## PROMPT
What you return should be the lines from the one with "27-0222 Wózek Dolny" through the one with "微博怎么博主加粉丝群聊插图2 微博怎么博主加粉丝群聊插图2" in the data below, reproduced exactly with both ends, and no pictures at all.

## MATERIAL TO PROCESS
▽
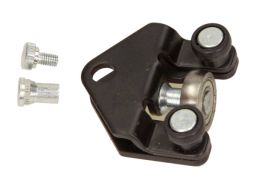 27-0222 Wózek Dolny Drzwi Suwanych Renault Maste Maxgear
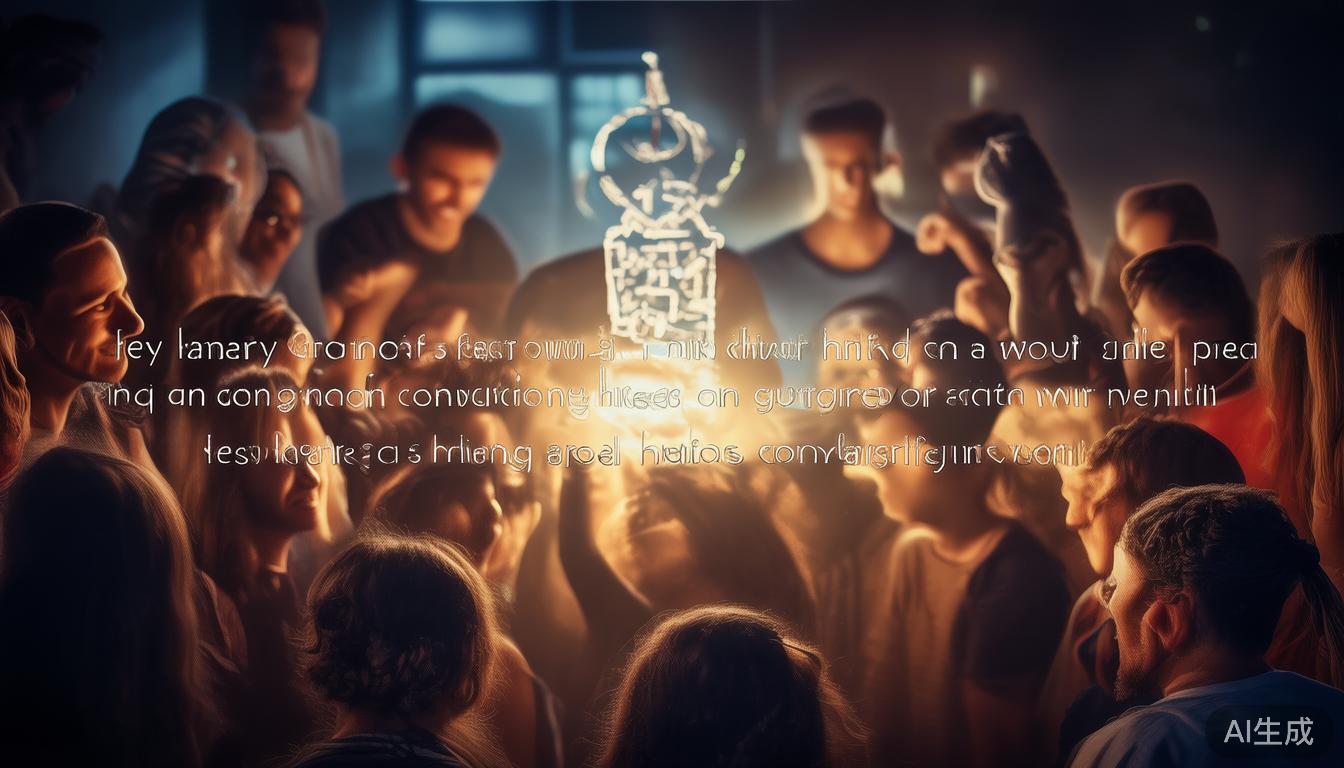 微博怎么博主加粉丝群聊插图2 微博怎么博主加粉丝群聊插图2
△
▽
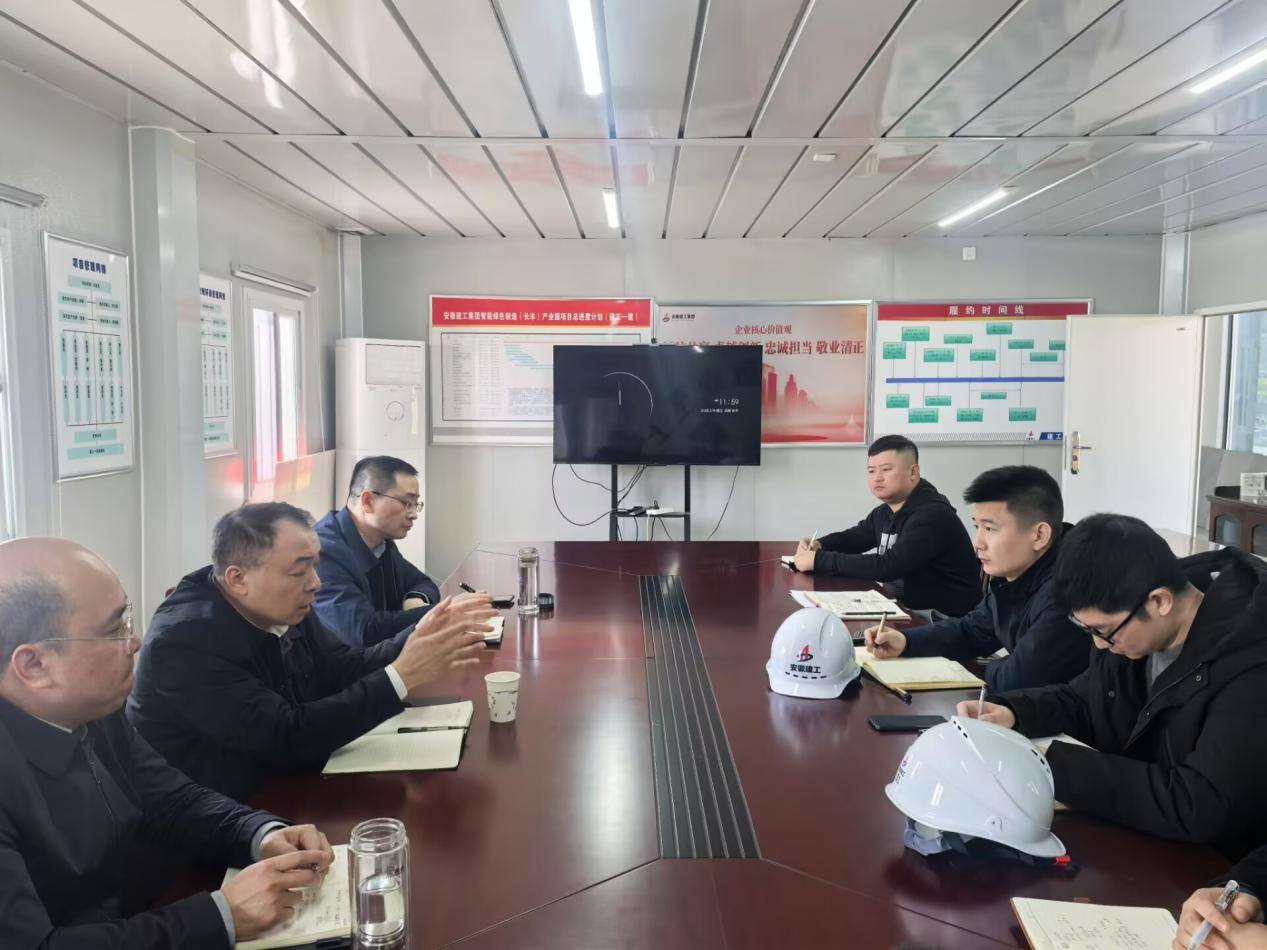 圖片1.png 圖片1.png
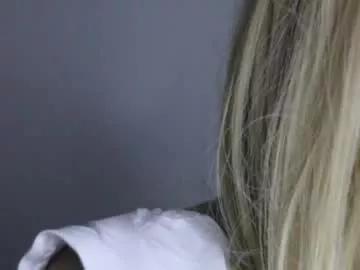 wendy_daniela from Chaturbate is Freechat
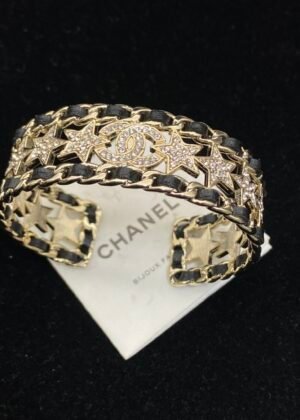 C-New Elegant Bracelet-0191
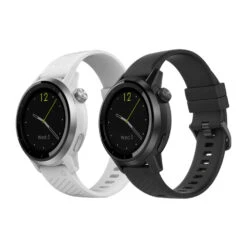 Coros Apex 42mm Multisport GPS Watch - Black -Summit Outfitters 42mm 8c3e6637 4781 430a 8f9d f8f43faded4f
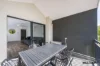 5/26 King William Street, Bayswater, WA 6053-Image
△
▽
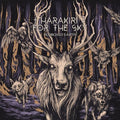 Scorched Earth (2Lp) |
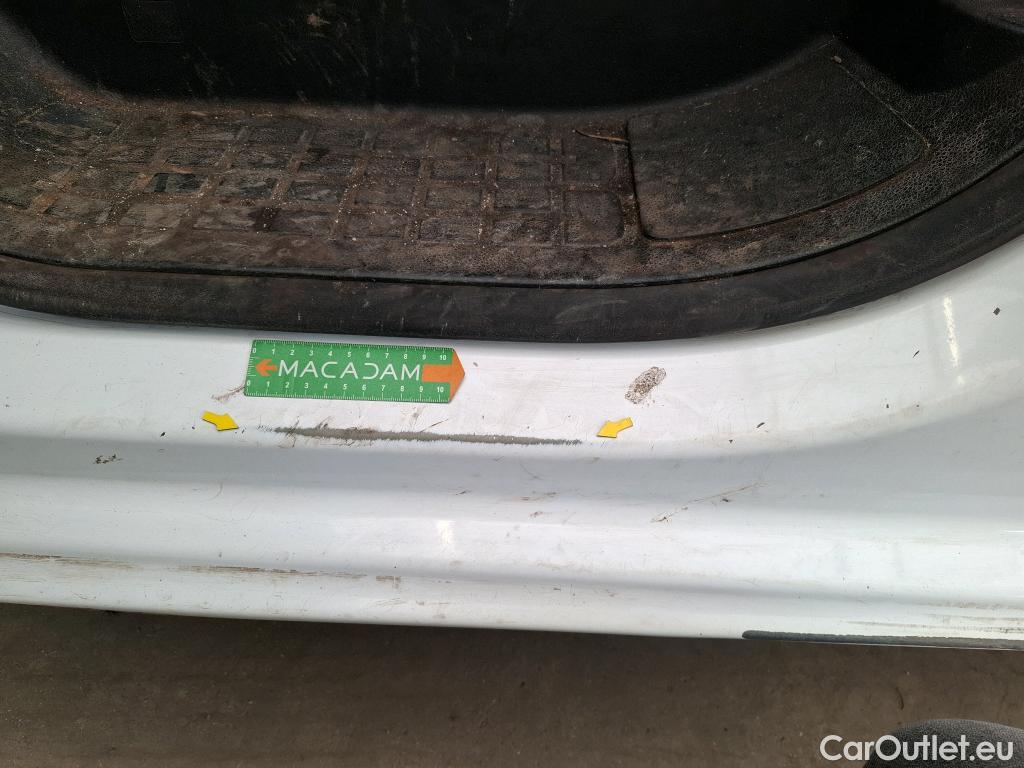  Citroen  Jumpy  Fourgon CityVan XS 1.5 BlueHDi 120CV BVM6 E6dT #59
△
## EXPECTED ANSWER
 27-0222 Wózek Dolny Drzwi Suwanych Renault Maste Maxgear
 微博怎么博主加粉丝群聊插图2 微博怎么博主加粉丝群聊插图2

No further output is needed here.